Work item =>
Where the listing below has a line with "strawberry chocolate oatmeal", write out exactly that line and every line after it, stopping after the line with "Pantalon avec motif".

Records for processing =>
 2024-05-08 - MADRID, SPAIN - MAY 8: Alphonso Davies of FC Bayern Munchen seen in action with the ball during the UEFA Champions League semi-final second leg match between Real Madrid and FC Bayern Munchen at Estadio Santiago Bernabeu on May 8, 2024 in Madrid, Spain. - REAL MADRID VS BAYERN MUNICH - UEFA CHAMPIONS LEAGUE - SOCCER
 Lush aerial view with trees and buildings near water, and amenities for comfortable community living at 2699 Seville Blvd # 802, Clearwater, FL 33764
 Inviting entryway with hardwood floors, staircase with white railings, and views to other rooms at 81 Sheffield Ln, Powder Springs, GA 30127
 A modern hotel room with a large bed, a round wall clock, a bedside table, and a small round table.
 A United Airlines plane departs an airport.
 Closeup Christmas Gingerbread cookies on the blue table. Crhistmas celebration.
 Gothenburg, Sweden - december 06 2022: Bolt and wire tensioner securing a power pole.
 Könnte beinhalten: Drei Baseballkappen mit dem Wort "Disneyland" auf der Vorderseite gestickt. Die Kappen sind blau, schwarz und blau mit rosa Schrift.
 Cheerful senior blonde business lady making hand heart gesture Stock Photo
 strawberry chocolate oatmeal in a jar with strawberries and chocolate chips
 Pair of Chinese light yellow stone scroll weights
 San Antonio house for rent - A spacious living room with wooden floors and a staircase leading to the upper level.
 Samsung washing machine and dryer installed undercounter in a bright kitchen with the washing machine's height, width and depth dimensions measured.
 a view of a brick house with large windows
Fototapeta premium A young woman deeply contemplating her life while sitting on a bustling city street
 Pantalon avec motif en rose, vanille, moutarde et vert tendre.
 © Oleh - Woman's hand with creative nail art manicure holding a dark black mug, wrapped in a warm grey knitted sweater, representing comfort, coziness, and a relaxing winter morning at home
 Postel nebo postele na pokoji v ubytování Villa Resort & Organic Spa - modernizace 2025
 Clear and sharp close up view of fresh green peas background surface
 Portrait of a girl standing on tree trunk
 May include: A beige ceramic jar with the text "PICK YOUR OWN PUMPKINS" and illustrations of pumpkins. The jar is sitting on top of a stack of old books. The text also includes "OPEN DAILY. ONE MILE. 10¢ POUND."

Expected answer =>
 strawberry chocolate oatmeal in a jar with strawberries and chocolate chips
 Pair of Chinese light yellow stone scroll weights
 San Antonio house for rent - A spacious living room with wooden floors and a staircase leading to the upper level.
 Samsung washing machine and dryer installed undercounter in a bright kitchen with the washing machine's height, width and depth dimensions measured.
 a view of a brick house with large windows
Fototapeta premium A young woman deeply contemplating her life while sitting on a bustling city street
 Pantalon avec motif en rose, vanille, moutarde et vert tendre.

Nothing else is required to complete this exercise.